# Will a 100 watt heat lamp burn/melt fiberglass window screening?



## fishyfriends876 (Apr 25, 2020)

Hello! I recently made a new tub for my roaches and cut half of the lid and replaced it with fiberglass window screening. For heat, can I just place the lamp on the screening or should I elevate it a little bit with an aquarium screen top?


----------



## The Snark (Apr 25, 2020)

Fiberglass screen is in fact plastic screen with fiberglass re-enforcement. So the question is will the plastic degrade, discolor and become brittle? Depends on the quality of the plastic. Some thermo-plastics can withstand temperature up over 1600C.(Insulcast epoxy and silicone used to glue the tiles on the space shuttle).
Glass already is a liquid. It transitions to viscous at around 1000C or above depending on what the glass is made from - from cheap commercial glass at around 1000C (soda lime) on up to borosilicate at over 1600C. Incandescent bulbs typically reach temperatures not much hotter than 200C.
But to answer your question, it's unlikely the average screen plastics will survive more than a few days up against your average incandescent bulb before degrading and decomposing. Test some and see.

Reactions: Like 1 | Agree 1


----------



## Rhino1 (Apr 26, 2020)

A 100 watt bulb would use a hell of a lot of power/electricity just to be keeping a roach colony warm, a low wattage heat mat or cable would be a much more energy efficient choice imho.

Reactions: Like 1


----------



## fishyfriends876 (Apr 27, 2020)

The Snark said:


> Fiberglass screen is in fact plastic screen with fiberglass re-enforcement. So the question is will the plastic degrade, discolor and become brittle? Depends on the quality of the plastic. Some thermo-plastics can withstand temperature up over 1600C.(Insulcast epoxy and silicone used to glue the tiles on the space shuttle).
> Glass already is a liquid. It transitions to viscous at around 1000C or above depending on what the glass is made from - from cheap commercial glass at around 1000C (soda lime) on up to borosilicate at over 1600C. Incandescent bulbs typically reach temperatures not much hotter than 200C.
> But to answer your question, it's unlikely the average screen plastics will survive more than a few days up against your average incandescent bulb before degrading and decomposing. Test some and see.





Rhino1 said:


> A 100 watt bulb would use a hell of a lot of power/electricity just to be keeping a roach colony warm, a low wattage heat mat or cable would be a much more energy efficient choice imho.
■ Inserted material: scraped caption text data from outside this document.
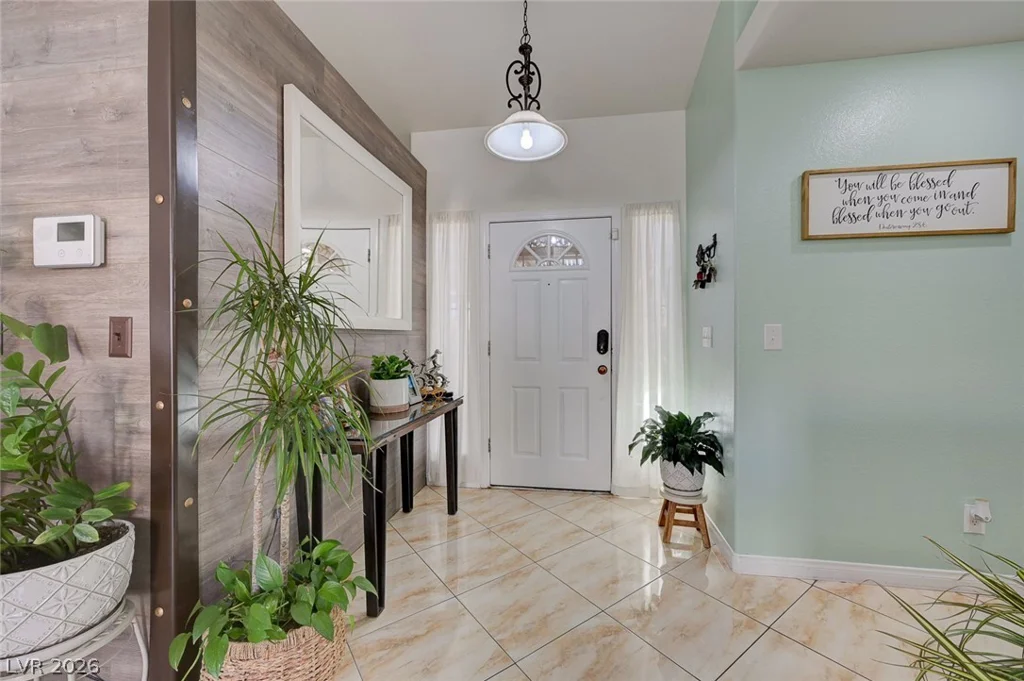 5416 Bible, North Las Vegas, NV 89031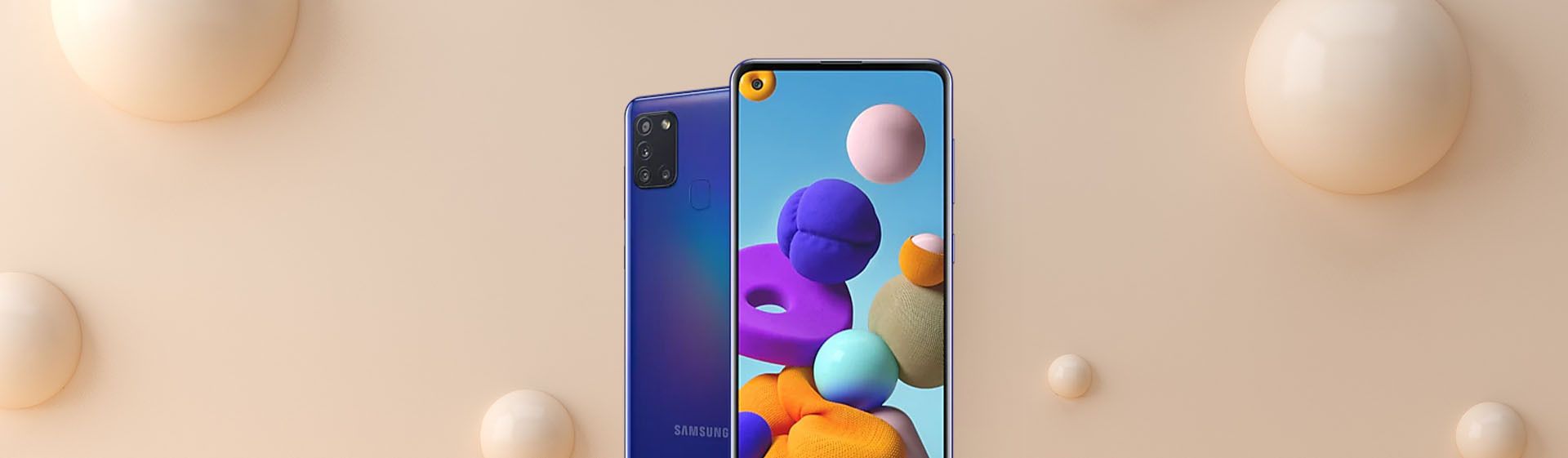 Celular Samsung A32 vale a pena em 2024? Conheça a ficha técnica em detalhes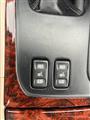 2001 Toyota Land Cruiser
Thanks for the replies. I will actually be using a 60 Watt ceramic heater. I experimented with the bulbs and the 60 watt gave the perfect amount of heat I wanted. Also, I don't have a heat mat or a thermostat, and I think that would be expensive. It is also getting warmer in my area, and I can turn the bulb off in a few months.

Reactions: Like 1


----------



## Pegi (Oct 26, 2020)

where can i find low wattage heat mat or cable?...thanks


----------